When I say community, I mean all sectors of it – whether those interested in maps and guide books, fiction, children’s books, local history, bestsellers, really obscure stuff, railway books, school coursebooks, philosophy, gardening, Dick Brice CDs (we may have been the only outlet for the Forest folksinger), deaf education books, lots on the poet FW Harvey, cards… well, everything really, including taking the Review ads. We had everyone from anarchists to Conservatives, people of all social classes and backgrounds as customers, we sold tickets for all sorts of community events, we were a what’s on noticeboard, a place with an armchair and teas and coffees, we took children’s authors and illustrators to schools, we hosted a festival, we were connected to other independent bookshops throughout the country, the shop won awards, and we had many friends… and so on. We had many books, and promoted many books, by local authors, we had housebound customers who we sent books to at their requests, we had loyal customers years ago moved far away, sometimes abroad, who still rang us and wrote to us requesting books. The discussions were myriad, from philosophical to being a tourist information service (we did that too after the council shut the centres down). We were a registered ‘safe place’ for anyone with mental illnesses. We gave away free books, stickers etc to encourage more young readers, we brought in top writers to give talks, readings and signings on anything from Forest of Dean poetry to the history of the English language, from the latest Doctor Who sci-fi or Andrew Taylor’s historical thrillers. There were some great social occasions, and everyone was welcome.

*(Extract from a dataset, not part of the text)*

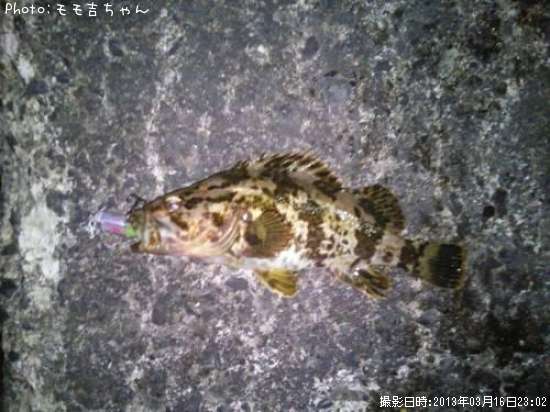 �����Υ���Х�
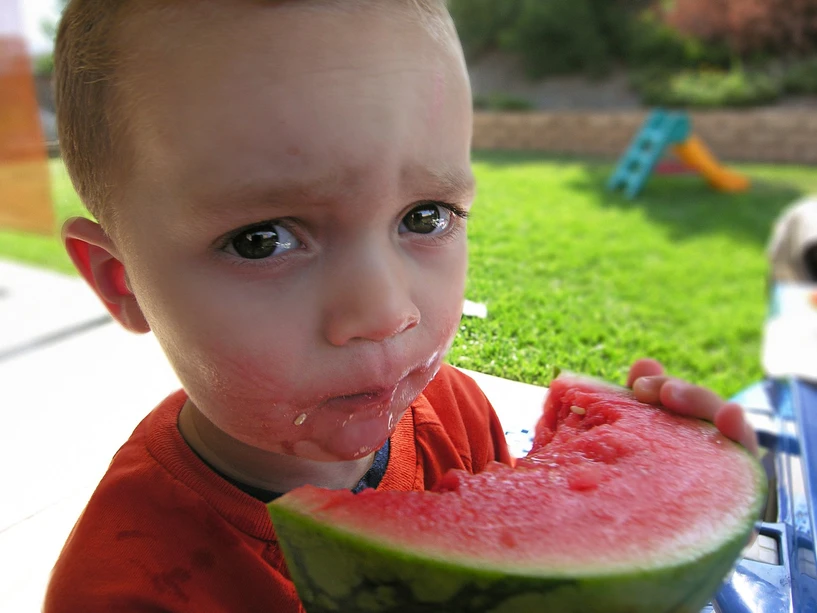 Pixabay/dbenson928: What Every Pesticide Analyst Needs to Know: Expert Roundtable Discussion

The simple reason why the Bookshop is closing is because its founder and owner Doug McLean is retiring, and market conditions have ensured nobody wants to take it on.

I saw the Bookshop as partly a social centre or maybe interchange, obliged to be a capitalist enterprise. But it was big money that killed it off. Just about everyone I know shops by Amazon – and have to admit I have too (though very guiltily and very infrequently). Why? Financial necessity usually, for me, as well as practical convenience. To compete with these kind of realities by being, well, more social and sociable, by helping out customers with book searches, or just having a chat about anything under the sun, proved not enough.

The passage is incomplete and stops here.